Do technology and religion belong together?

As I begin the arduous journey of writing a theses, I am pulled in so many different directions. At the time of this writing, I am interested in technology and the kind of community that can come from it. In other words, can technology  provide the interaction, intimacy, and ultimately discipleship relationships that are necessary in Christian community? The American church has suffered greatly with a lack of discipleship and deep community; the end result of this project has to be way toward depth and intimacy.
As cities increase in density, and housing prices soar, the church must have a solution for those who are unable to “keep up with the joneses.” The fact is, churches are needed in cities and neighborhoods, an issue for these churches is sustainability financially, culturally, and theologically.

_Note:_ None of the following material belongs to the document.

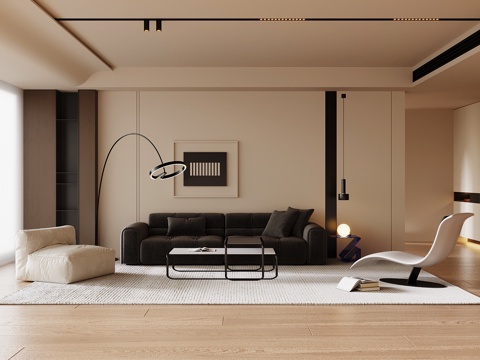 现代客厅 沙发茶几组合su模型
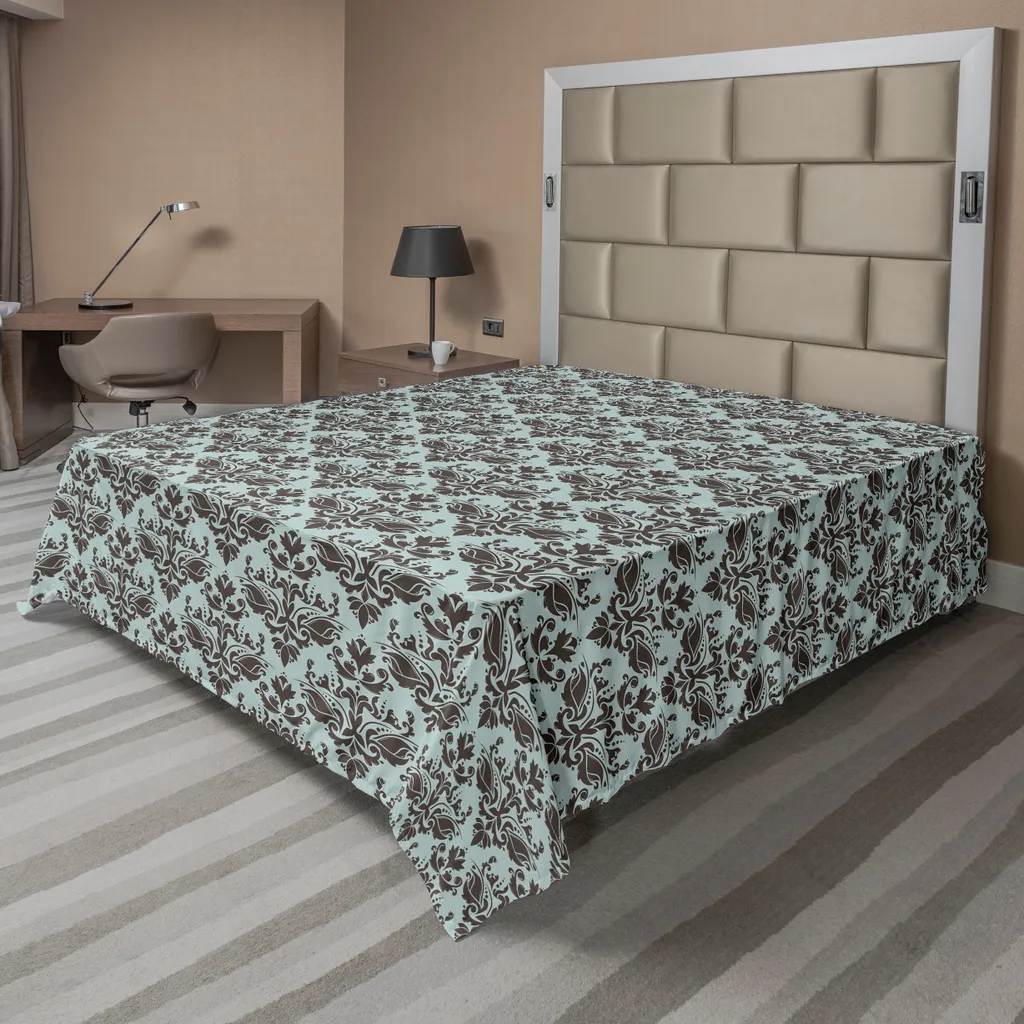 Drap de dessus décoratif en tissu damas motif feuilles 275x260 cm bleu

This has become an issue for most churches that reside in cities like Seattle, NYC, Chicago, and LA, to name a few. Another issue facing churches is the transient nature of most urban people. In a city like Seattle, where many people come to pad their resume, the likelihood of a long term stay or the feeling of calling Seattle ‘home’ is generally unlikely. A few reasons for this is the lack of affordability and the American dream of owning a home with a yard and white picket fence. In a city like seattle, single family homes are becoming a snapshot of another time and era. The next step for a young family is to move outside of the city and raise their family. This, then, makes churches in urban centers usually smaller and unable to afford the soaring costs associated with city life.
Can technology be an answer? Can the use of social media foster the community and sustainability that is needed for urban churches to remain present in the neighborhood it is serving? Is technology able to create biblical fellowship that produces and fosters the same intimacies that happen in person to person encounters?

Red Pill or Blue Pill?

I know, I know, you’ve seen the movie and this is nothing new. Well, I am gaining a whole new appreciation for the metaphor. In this endeavor to study for, and get a PhD, the temptation to take the blue pill is real. (I’m only a week in!). Take the blue pill, go home, and everything stays the same. However, the red pill is all about how deep the rabbit hole goes. I must say the desire to search, uncover, pry open, and discover is much more appealing. The rabbit hole is deep, and I want to know how deep it goes.

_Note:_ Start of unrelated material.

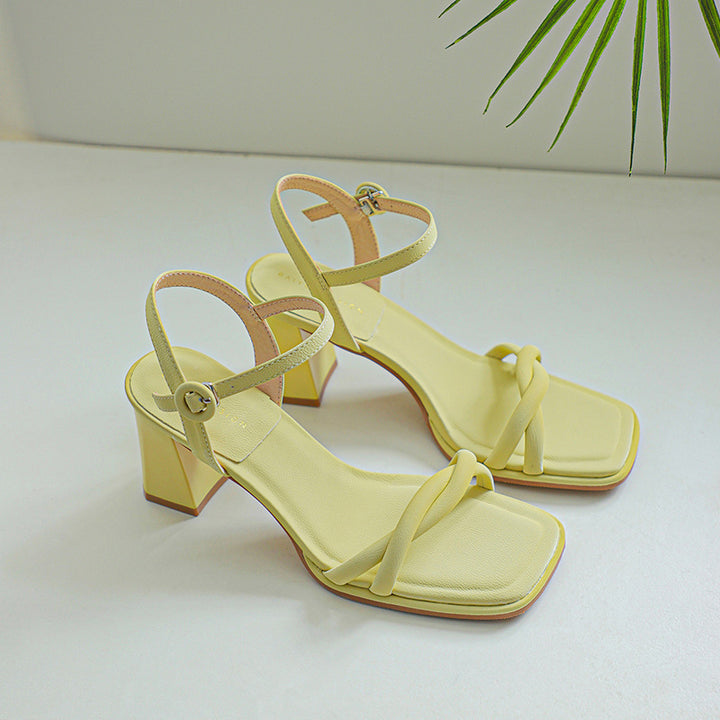 Damen Chunky Block-Absatz Riemchen Sandalen Drune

The research on technology and faith is uncovering some very interesting research. For instance, church leaders using the internet to keep connections, and keep up with relationships has become common place (from 78% in 2000, to 98% in 2014. Barna Research). The exciting part of technology is the ability to create religious experience and connect people to Christ. This ‘new media’ is being used more and more. I look forward to exploring what that could mean for a church like ours in a city like Seattle.

I’m off to get a glass of water, I need to take a pill….

Technology and Community

I grabbed an excerpt from my writing journal this week. This is only beginning thoughts, but I’d like to give it a go and see what questions or comments you may have.

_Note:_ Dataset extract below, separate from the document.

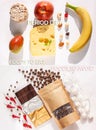 Period diet concept. Foods to eat and to avoid during menstruation flat lay. Products for feminine critical days banner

As I begin the arduous task of writing a thesis, I am flooded with so many different directions. At the time of this writing, I am interested in technology and the possibilities of community that can be developed from it. In other words, is technology able to provide the interaction, intimacy and ultimately, discipleship relationships that are necessary in Christian community? The American church has suffered greatly with regard to discipleship and deep community, the end result of this project has to be way toward depth and intimacy. I am curious to know if technology can provide such an experience. Is technology an answer? Can the use of social media foster the community and sustainability that is needed for Urban churches to remain present in the neighborhood it is serving? Is technology able to create biblical fellowship that produces and fosters the same intimacies that happen in person to person encounters? 

Down the rabbit hole I go.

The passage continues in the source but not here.